When you describe a doctoral student, you will quickly find yourself describing the other people around them. This is not to bloat the role of supervisors, or to negate the independence, creativity and shaping that come from doctoral students.

But your thesis would be a different thesis if you had a different supervisor or different supervisors. It would be different if you had chosen to study somewhere else. Your thesis is a product of you, your work, and the intellectual environment you are part of.

Doctoral students can’t be imagined outside of other relationships, too, although we might often feel that our institutions forget this.

Every doctoral student is always one or more of the following: someone’s sister or brother, mother or father, daughter or son, friend, colleague, housemate, facebook friend, twitter follower etc etc.

Doctoral students are always other kinds of human beings. I might even be so bold as to say they are other kinds of human beings first.

So, when someone asks you “Are you a doctoral student?”, have fun and do your best to discombobulate the person asking the question. You might try these responses:

“No. There’s no such thing!”
“No, I’m a person [sister, mother, daughter] who happens to be studying for a PhD.”
“No. I’m learning to do research, and might by the end of it be able to show that what I’ve done is doctoral, but until then, I’m more student than doctoral.”
“No, I’m a doctoral student working with an amazing [or terrible, or something in between] supervisor.”

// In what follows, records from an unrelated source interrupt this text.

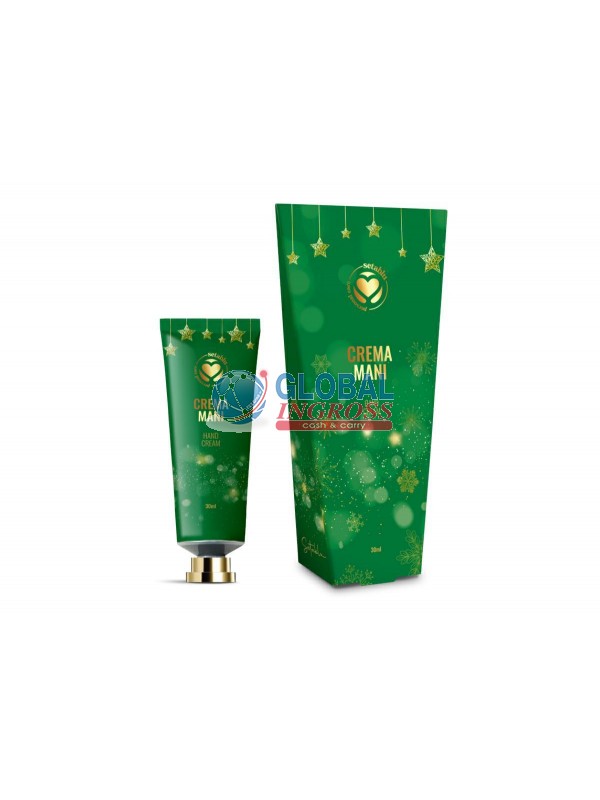CREMA MANI PAPER BOX 30ml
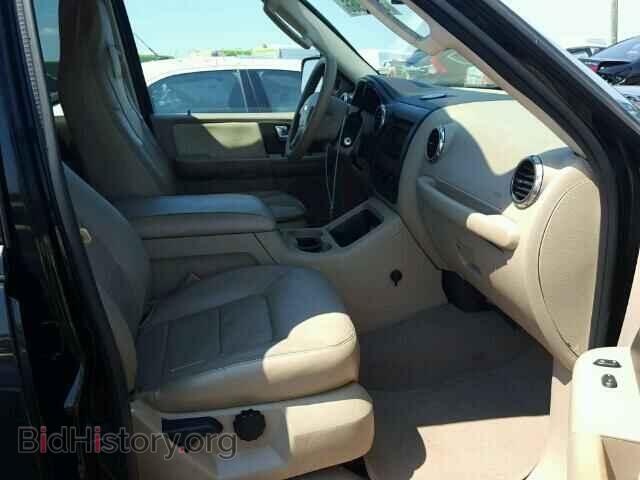 2004 FORD EXPEDITION - VIN: 1FMFU16L74LA78152 - Фото 5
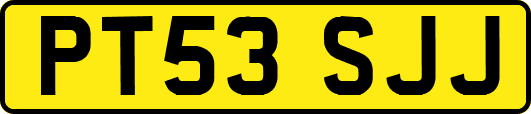 PT53SJJ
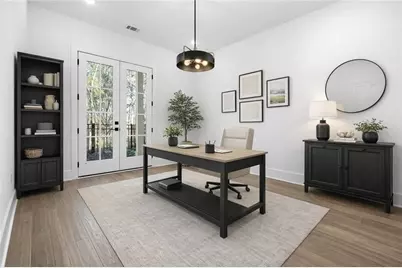 531 S Main Street #110, Alpharetta, GA 30009 - Photo 28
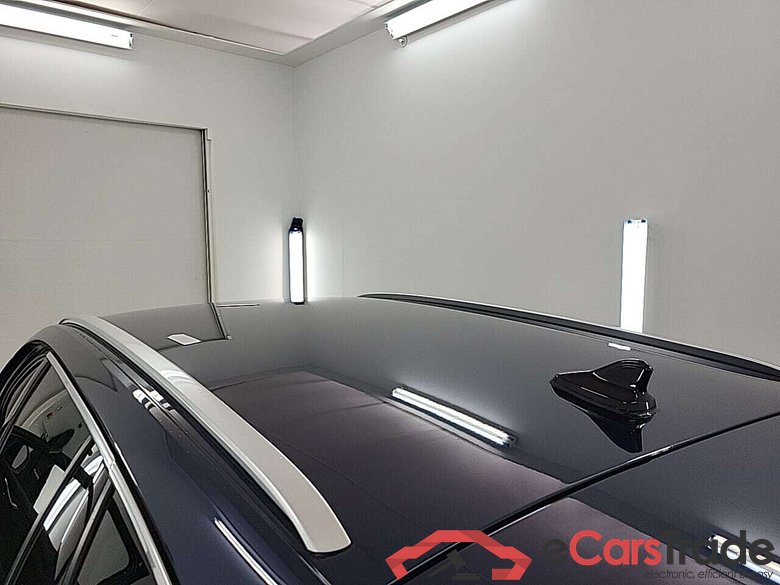 SKODA OCTAVIA COMBI 1.5 TSI CLEVER DSG #4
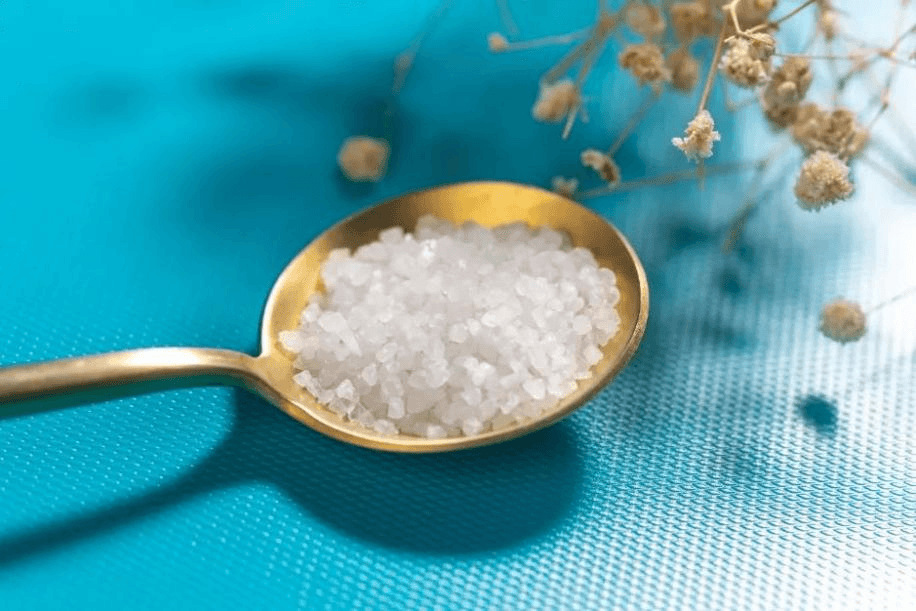 揭秘盐业的幕后黑手:价格背后的真相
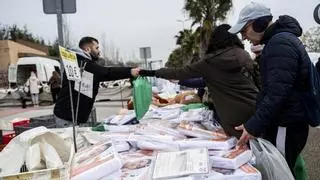 CIEM respalda a los ambulantes extremeños y pide rebajar tasas ante la situación "insostenible"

* Tracing the precise origins and wording of this phrase are a bit hard to pin down. It seems he spoke the words “There is no such thing as an infant” in 1940 in a discussion at the Scientific Meeting of the British Psycho-Analytic Society. Since then different print versions and attributions have proliferated. A good place to look is Winnicott D (1964) The child, the family and the outside world. Harmondsworth: Penguin Books.